The approach to handling reconfigurations is as follows. A reconfiguration is triggered by a special client request. This request is run through the normal case protocol by the old group. When the request commits, the system moves to a new epoch, in which responsibility for processing client requests shifts to the new group. However, the new group cannot process client requests until its replicas are up to date: the new replicas must know all operations that committed in the previous epoch. To get up to date they transfer state from the old replicas, which do not shut down until the state transfer is complete.
To accomodate epochs, the view change and recovery protocols are modified so that they do not accept messages from epochs earlier than their own current epoch.

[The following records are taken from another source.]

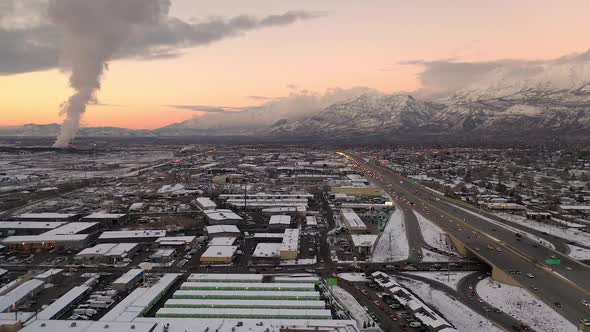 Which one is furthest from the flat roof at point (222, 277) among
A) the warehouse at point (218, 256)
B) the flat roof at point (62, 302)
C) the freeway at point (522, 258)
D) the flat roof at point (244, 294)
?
the freeway at point (522, 258)

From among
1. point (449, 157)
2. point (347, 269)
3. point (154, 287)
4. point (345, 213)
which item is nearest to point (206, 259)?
point (154, 287)

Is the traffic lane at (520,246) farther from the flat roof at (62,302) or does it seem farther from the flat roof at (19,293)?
the flat roof at (19,293)

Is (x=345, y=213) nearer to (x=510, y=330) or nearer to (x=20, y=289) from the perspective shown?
(x=510, y=330)

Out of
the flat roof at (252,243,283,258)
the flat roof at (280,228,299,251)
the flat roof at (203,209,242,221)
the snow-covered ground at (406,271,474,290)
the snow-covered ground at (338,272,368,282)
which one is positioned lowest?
the snow-covered ground at (406,271,474,290)

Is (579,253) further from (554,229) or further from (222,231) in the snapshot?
(222,231)

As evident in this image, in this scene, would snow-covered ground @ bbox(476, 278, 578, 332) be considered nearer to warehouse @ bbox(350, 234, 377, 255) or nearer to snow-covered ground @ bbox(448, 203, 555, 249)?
warehouse @ bbox(350, 234, 377, 255)

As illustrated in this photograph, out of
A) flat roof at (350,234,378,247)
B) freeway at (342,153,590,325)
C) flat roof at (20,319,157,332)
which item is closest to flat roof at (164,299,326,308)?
flat roof at (20,319,157,332) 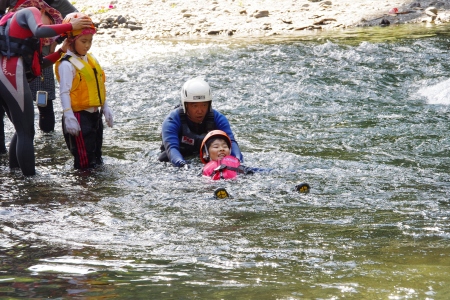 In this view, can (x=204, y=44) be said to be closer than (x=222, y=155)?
No

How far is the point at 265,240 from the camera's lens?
16.4 feet

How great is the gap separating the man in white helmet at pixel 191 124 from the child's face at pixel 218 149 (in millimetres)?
217

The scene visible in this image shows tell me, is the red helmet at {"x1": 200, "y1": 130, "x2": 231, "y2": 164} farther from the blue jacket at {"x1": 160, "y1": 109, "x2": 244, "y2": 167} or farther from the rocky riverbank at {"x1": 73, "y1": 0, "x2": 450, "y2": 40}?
the rocky riverbank at {"x1": 73, "y1": 0, "x2": 450, "y2": 40}

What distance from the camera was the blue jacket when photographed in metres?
8.00

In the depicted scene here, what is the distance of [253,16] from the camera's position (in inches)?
750

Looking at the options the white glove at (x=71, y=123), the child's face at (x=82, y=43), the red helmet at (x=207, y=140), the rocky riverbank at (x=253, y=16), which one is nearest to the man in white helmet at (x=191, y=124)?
the red helmet at (x=207, y=140)

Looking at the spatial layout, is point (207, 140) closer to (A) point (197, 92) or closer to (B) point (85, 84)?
(A) point (197, 92)

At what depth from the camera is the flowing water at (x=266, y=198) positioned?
4129mm

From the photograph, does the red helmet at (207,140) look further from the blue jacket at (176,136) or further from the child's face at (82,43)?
the child's face at (82,43)

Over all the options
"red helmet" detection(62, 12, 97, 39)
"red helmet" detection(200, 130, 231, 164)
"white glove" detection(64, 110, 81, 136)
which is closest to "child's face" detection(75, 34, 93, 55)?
"red helmet" detection(62, 12, 97, 39)

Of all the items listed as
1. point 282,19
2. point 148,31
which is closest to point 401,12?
point 282,19

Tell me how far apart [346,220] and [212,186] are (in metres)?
1.97

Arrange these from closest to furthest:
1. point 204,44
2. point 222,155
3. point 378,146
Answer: point 222,155 → point 378,146 → point 204,44

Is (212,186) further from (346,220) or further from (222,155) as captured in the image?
(346,220) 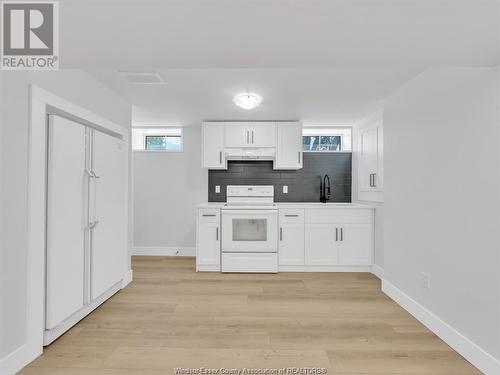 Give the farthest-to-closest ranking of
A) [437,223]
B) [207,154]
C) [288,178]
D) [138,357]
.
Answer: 1. [288,178]
2. [207,154]
3. [437,223]
4. [138,357]

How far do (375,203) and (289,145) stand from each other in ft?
4.92

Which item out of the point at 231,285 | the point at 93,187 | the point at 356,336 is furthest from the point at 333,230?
the point at 93,187

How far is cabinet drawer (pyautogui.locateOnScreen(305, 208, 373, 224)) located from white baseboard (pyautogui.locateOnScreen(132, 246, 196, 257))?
2126 mm

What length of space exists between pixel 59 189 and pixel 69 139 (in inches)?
16.3

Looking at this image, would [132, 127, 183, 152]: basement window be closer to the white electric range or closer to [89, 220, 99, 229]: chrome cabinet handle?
the white electric range

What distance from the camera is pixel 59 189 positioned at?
2.22 meters

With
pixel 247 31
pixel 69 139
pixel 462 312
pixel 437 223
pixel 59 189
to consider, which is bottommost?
pixel 462 312

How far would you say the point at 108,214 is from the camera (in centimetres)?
297

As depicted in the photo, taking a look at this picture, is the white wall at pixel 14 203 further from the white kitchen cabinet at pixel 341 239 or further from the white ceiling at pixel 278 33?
the white kitchen cabinet at pixel 341 239

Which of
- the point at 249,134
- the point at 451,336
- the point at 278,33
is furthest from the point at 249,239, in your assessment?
the point at 278,33

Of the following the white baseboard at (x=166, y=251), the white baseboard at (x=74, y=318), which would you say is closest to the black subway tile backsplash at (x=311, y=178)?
the white baseboard at (x=166, y=251)

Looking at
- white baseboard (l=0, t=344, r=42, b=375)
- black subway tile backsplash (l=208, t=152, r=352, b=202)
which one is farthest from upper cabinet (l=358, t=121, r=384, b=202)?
white baseboard (l=0, t=344, r=42, b=375)

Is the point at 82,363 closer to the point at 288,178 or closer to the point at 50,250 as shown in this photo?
the point at 50,250

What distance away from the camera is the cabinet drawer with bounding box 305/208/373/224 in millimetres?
4164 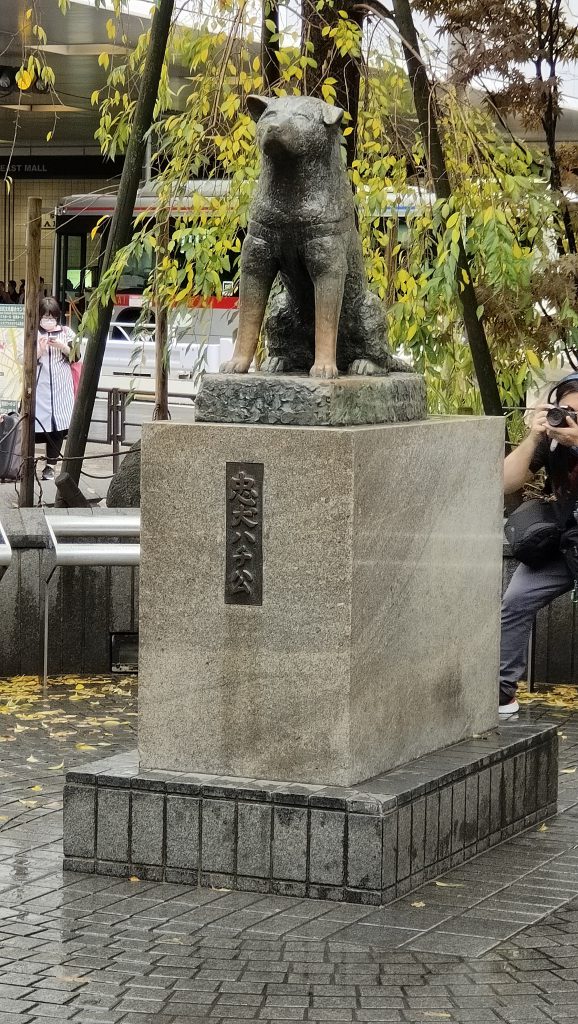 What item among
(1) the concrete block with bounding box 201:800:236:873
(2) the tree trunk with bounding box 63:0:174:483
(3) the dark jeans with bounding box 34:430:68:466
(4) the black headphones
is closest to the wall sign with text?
(3) the dark jeans with bounding box 34:430:68:466

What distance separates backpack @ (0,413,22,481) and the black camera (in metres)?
8.18

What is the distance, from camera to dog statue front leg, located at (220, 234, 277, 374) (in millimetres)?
5734

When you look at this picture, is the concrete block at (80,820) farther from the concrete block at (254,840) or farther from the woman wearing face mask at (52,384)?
the woman wearing face mask at (52,384)

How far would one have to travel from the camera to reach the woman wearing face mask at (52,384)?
17.2m

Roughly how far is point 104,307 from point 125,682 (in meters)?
2.41

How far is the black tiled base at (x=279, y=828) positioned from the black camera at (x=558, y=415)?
2.04m

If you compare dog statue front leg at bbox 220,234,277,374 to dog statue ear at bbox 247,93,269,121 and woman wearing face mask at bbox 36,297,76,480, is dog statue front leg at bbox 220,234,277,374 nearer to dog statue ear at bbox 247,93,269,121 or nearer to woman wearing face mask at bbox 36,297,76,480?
dog statue ear at bbox 247,93,269,121

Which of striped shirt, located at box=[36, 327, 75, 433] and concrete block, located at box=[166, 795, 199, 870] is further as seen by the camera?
striped shirt, located at box=[36, 327, 75, 433]

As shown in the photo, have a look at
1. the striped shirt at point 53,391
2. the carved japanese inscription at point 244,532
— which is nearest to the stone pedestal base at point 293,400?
the carved japanese inscription at point 244,532

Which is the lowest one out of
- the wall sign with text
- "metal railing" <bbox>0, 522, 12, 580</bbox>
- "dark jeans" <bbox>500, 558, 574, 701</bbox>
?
"dark jeans" <bbox>500, 558, 574, 701</bbox>

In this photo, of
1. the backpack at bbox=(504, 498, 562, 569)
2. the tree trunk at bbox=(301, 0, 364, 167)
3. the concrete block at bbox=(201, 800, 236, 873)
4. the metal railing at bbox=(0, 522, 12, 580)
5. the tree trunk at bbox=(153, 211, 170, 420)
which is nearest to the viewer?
the concrete block at bbox=(201, 800, 236, 873)

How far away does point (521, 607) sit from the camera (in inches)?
305

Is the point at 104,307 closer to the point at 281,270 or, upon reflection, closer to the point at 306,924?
the point at 281,270

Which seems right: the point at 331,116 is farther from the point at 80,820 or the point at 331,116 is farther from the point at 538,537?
the point at 538,537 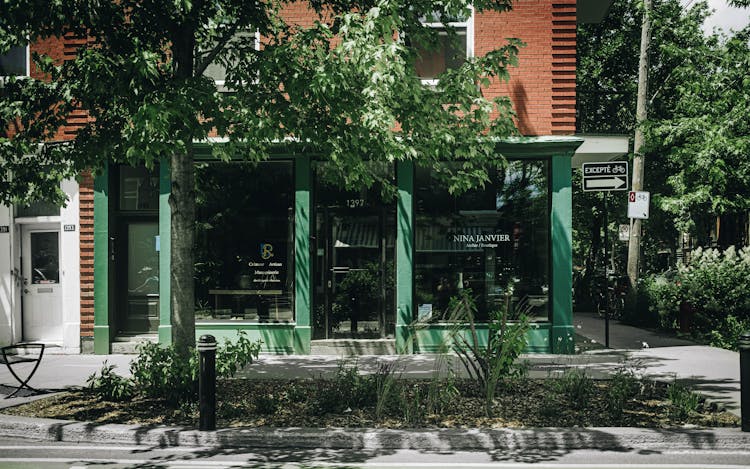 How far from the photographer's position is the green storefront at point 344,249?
12.3 metres

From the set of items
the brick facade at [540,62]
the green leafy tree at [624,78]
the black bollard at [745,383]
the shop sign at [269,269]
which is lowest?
the black bollard at [745,383]

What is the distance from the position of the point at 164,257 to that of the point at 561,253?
729cm

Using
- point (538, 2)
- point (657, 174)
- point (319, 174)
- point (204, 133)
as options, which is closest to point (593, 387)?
point (204, 133)

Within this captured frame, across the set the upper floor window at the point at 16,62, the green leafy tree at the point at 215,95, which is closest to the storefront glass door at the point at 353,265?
the green leafy tree at the point at 215,95

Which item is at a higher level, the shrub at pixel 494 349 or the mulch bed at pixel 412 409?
the shrub at pixel 494 349

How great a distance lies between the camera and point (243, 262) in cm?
1252

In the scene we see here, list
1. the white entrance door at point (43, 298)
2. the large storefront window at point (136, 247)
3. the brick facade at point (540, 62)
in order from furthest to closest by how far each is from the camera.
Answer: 1. the white entrance door at point (43, 298)
2. the large storefront window at point (136, 247)
3. the brick facade at point (540, 62)

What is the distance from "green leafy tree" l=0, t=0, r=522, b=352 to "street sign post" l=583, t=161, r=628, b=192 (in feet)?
13.0

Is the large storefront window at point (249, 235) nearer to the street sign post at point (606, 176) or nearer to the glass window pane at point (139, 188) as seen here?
the glass window pane at point (139, 188)

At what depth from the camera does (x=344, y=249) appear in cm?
1250

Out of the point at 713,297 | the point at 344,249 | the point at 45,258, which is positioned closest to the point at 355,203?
the point at 344,249

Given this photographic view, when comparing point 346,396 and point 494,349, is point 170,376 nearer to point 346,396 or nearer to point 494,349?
point 346,396

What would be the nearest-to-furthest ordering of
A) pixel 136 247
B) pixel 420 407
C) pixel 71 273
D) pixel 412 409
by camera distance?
1. pixel 412 409
2. pixel 420 407
3. pixel 71 273
4. pixel 136 247

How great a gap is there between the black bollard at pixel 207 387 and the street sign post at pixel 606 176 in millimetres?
7947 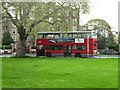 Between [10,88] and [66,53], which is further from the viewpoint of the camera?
[66,53]

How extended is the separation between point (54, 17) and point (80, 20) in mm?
3423

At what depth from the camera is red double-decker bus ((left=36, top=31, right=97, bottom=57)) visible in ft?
141

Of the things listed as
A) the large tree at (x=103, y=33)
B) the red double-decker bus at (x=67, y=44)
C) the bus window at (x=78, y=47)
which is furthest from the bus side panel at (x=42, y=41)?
the large tree at (x=103, y=33)

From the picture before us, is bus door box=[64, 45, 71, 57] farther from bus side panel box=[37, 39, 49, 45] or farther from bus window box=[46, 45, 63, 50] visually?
bus side panel box=[37, 39, 49, 45]

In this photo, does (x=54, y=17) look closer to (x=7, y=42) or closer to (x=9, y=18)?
(x=9, y=18)

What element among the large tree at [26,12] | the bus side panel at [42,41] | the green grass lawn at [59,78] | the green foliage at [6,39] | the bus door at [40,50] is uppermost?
the large tree at [26,12]

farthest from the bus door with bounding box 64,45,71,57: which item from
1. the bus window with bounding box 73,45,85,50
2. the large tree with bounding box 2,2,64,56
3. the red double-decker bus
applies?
the large tree with bounding box 2,2,64,56

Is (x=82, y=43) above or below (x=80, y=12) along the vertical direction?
below

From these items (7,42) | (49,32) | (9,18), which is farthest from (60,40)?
(7,42)

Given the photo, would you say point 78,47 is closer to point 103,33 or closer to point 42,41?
point 42,41

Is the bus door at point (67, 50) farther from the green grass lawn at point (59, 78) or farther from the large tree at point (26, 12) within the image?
the green grass lawn at point (59, 78)

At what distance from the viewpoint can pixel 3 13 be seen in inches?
1453

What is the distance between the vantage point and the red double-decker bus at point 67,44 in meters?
43.1

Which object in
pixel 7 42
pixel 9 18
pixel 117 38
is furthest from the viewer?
pixel 7 42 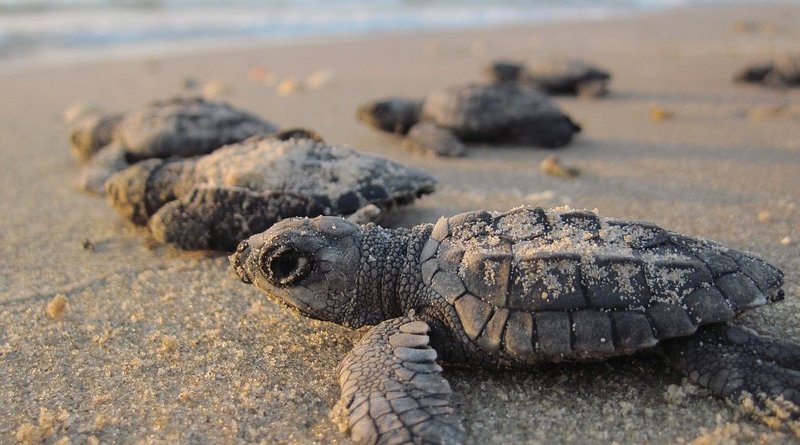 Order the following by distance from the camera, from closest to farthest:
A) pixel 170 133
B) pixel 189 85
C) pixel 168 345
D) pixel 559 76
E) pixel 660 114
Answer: pixel 168 345, pixel 170 133, pixel 660 114, pixel 559 76, pixel 189 85

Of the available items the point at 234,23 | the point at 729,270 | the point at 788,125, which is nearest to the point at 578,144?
the point at 788,125

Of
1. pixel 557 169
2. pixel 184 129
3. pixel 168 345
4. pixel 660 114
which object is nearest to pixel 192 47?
pixel 184 129

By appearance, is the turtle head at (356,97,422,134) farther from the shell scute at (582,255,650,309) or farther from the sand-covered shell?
the shell scute at (582,255,650,309)

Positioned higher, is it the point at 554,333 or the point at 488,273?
the point at 488,273

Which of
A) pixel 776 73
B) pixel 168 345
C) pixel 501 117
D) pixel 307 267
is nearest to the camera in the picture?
pixel 307 267

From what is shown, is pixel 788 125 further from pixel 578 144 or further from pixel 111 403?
pixel 111 403

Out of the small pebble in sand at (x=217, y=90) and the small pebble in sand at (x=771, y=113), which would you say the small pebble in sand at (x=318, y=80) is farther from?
the small pebble in sand at (x=771, y=113)

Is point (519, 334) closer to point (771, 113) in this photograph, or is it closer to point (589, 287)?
point (589, 287)

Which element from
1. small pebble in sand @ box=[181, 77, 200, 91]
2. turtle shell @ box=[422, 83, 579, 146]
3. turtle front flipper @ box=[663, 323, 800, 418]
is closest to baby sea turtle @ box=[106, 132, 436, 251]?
turtle front flipper @ box=[663, 323, 800, 418]

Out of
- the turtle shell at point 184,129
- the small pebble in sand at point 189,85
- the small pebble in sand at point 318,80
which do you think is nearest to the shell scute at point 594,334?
the turtle shell at point 184,129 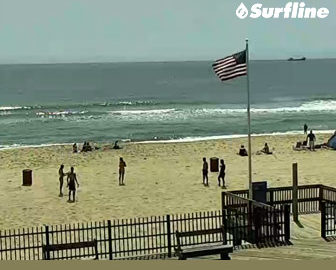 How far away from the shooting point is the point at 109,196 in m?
24.8

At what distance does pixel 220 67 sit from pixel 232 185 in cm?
1060

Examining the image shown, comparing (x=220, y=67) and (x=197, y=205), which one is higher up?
(x=220, y=67)

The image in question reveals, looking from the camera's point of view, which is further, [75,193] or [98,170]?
[98,170]

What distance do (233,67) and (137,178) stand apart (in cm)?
1386

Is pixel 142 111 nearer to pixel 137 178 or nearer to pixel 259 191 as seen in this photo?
pixel 137 178

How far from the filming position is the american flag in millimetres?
16344

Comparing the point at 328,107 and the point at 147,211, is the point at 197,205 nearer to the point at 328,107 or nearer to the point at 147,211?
the point at 147,211

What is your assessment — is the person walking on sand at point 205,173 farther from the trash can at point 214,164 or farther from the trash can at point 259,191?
the trash can at point 259,191

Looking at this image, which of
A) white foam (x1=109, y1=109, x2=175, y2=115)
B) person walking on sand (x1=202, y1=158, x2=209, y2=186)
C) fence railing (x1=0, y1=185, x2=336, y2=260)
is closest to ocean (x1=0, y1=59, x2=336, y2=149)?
white foam (x1=109, y1=109, x2=175, y2=115)

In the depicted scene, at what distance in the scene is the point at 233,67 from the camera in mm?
16500

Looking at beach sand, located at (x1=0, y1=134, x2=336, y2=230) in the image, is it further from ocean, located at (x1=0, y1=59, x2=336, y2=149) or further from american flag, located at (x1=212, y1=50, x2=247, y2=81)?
ocean, located at (x1=0, y1=59, x2=336, y2=149)

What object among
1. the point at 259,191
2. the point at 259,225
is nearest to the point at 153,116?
the point at 259,191

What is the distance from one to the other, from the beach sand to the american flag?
6.39 m

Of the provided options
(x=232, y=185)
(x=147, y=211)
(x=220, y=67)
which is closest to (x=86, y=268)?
(x=220, y=67) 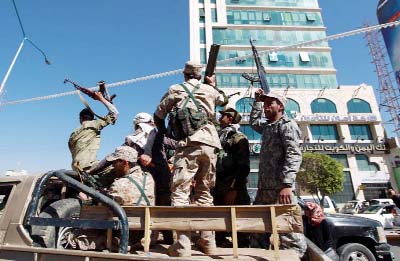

The basic protocol should look familiar by now: after a client has requested an epoch change operation the primary logs it and sends out prepare messages. Replicas respond with prepare-ok messages, and once the primary has f of them, it transitions to a new epoch by sending a start-epoch message. Within the new epoch, the view number is reset back to zero. New members must transfer state from existing replicas to bring themselves up to speed. Members being decommissioned continue processing for a short while:
Replicas being replaced respond to state transfer requests from replicas in the new group until they receive f’ + 1 EPOCHSTARTED messages from the new replicas, where f’ is the threshold of the new group. At this point the replica being replaced shuts down.
While the system is moving from one epoch to the next it does not accept any new requests. This delay can be reduced by ‘warming’ up new nodes by transfering the state to them ahead of the reconfiguration.